What is expected
Within the data that follows, how many lines contain the word "Pink"? Reply with only the number.

Data to use
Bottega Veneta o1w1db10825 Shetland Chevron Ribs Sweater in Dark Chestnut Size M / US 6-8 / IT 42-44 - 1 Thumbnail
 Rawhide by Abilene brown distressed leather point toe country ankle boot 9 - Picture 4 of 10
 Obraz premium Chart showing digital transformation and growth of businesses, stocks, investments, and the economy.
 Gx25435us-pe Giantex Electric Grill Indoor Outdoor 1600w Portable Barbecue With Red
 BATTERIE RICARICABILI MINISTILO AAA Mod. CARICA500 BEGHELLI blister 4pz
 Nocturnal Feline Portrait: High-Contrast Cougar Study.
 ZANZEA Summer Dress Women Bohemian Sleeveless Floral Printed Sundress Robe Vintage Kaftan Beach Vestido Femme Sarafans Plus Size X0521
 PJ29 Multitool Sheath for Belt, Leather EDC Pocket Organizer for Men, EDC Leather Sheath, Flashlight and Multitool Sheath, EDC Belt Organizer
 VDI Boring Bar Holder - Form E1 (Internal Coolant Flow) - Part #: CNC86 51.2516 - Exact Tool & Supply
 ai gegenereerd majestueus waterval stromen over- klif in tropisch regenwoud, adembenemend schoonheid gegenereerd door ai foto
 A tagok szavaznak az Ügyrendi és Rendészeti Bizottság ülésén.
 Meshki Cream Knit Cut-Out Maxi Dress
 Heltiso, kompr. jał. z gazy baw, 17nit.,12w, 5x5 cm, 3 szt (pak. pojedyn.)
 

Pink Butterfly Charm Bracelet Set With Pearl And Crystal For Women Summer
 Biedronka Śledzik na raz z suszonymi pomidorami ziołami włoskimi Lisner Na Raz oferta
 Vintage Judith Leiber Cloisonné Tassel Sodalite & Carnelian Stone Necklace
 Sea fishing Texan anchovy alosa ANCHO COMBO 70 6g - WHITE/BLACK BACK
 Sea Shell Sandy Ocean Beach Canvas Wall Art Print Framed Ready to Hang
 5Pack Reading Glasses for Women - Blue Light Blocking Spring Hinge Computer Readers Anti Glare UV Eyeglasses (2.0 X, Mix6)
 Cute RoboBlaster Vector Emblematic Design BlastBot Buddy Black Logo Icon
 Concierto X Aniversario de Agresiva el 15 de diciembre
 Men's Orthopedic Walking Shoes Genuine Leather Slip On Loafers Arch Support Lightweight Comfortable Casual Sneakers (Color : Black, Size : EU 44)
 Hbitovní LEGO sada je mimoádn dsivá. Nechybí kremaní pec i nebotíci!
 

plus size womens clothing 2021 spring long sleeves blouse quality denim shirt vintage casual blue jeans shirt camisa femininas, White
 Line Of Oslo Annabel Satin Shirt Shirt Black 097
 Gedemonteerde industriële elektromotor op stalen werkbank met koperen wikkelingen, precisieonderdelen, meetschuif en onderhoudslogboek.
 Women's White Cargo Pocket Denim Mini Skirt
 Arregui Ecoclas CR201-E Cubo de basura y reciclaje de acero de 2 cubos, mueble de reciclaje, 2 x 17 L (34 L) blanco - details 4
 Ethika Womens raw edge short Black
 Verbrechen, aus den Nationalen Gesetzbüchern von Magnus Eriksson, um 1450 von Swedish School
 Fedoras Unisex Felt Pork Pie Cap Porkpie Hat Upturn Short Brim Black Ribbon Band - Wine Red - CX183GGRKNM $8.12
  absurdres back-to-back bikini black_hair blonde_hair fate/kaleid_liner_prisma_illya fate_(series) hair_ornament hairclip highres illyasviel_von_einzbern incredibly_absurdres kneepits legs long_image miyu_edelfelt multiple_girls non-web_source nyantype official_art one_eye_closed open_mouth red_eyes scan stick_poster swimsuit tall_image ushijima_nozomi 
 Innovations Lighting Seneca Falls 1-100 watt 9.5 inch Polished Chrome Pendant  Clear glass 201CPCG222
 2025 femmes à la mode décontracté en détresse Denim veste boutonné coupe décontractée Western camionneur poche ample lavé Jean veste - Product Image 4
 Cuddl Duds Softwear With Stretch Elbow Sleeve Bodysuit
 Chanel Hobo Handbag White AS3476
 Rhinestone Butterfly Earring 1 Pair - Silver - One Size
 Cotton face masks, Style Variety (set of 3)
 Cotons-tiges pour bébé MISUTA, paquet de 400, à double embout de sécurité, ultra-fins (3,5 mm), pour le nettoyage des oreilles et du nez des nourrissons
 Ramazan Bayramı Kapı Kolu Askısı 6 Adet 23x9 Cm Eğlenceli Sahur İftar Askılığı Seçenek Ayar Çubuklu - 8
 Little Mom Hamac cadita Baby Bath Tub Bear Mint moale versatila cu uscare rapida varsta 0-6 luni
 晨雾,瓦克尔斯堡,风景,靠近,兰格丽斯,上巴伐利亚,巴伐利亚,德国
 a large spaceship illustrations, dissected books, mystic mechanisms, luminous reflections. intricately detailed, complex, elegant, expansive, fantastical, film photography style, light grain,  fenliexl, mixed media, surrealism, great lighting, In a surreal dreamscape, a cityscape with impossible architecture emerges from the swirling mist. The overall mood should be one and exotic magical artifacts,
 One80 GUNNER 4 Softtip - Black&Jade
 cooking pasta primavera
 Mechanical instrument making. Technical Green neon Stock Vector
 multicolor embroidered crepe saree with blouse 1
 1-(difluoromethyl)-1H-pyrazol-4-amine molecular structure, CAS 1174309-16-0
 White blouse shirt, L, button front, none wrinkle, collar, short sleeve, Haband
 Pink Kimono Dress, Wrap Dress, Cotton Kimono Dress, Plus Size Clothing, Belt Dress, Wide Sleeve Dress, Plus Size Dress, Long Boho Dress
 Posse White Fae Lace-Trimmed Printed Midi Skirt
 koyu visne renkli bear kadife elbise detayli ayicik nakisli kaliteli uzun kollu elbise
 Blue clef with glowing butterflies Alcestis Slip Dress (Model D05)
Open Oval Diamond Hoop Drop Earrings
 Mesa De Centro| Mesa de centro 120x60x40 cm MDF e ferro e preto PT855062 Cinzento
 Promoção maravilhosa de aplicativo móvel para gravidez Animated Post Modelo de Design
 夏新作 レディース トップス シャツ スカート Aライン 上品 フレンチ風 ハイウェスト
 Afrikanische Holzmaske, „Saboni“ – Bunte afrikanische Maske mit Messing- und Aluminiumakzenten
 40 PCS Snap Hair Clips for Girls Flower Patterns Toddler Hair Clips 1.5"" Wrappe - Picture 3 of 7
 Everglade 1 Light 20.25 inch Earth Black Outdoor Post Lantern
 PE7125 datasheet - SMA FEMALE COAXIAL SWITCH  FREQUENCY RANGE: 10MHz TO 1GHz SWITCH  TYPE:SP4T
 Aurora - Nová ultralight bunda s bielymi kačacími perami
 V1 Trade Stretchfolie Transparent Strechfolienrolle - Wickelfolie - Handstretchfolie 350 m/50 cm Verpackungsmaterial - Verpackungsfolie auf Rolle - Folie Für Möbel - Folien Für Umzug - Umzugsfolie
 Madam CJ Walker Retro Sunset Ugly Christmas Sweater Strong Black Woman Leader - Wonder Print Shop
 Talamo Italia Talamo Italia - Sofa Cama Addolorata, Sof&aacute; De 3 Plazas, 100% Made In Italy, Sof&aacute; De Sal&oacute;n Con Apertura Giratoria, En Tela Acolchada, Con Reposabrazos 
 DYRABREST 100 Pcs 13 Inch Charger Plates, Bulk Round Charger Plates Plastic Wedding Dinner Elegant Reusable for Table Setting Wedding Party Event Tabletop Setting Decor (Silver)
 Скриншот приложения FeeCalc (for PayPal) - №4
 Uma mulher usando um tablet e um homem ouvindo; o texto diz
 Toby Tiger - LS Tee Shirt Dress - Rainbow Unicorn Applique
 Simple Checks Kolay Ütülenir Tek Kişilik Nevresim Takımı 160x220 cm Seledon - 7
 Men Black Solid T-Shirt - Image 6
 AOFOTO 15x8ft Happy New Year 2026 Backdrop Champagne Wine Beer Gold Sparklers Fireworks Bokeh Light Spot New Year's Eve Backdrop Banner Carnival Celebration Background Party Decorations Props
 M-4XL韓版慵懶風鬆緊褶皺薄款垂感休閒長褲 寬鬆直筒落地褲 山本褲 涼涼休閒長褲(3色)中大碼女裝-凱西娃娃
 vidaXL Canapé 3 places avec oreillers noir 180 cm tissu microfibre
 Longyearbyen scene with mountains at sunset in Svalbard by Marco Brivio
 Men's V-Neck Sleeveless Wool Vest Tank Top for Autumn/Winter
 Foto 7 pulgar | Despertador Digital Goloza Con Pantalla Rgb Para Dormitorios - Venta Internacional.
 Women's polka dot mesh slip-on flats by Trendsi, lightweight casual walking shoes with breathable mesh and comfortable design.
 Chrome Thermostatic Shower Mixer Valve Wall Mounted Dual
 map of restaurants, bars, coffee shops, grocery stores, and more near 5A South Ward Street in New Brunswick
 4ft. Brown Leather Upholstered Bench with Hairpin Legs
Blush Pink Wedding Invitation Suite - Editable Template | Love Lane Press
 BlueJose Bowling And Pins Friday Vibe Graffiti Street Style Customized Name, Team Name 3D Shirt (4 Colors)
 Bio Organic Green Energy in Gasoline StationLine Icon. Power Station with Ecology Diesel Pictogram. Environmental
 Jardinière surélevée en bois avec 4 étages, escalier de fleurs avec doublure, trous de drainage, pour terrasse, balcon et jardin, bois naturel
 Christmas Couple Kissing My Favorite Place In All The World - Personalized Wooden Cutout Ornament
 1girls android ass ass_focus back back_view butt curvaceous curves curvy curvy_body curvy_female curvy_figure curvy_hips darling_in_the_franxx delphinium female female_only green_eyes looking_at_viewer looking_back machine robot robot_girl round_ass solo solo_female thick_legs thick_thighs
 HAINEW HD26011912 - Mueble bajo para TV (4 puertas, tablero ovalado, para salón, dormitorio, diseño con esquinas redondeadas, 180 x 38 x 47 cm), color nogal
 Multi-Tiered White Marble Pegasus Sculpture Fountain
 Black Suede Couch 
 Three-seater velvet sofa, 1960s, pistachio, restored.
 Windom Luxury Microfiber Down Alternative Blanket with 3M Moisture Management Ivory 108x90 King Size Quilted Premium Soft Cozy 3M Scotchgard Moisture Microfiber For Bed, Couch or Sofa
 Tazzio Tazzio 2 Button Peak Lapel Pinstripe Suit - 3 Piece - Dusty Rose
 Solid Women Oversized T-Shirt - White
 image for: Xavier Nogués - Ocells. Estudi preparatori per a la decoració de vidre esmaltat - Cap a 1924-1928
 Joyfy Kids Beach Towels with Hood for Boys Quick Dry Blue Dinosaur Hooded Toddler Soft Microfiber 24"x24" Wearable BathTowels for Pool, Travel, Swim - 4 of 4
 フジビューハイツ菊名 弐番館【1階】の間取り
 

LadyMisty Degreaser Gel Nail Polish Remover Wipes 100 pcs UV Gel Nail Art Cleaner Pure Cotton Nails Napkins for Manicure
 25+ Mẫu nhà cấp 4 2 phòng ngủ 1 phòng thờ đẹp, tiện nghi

Response for this exercise
3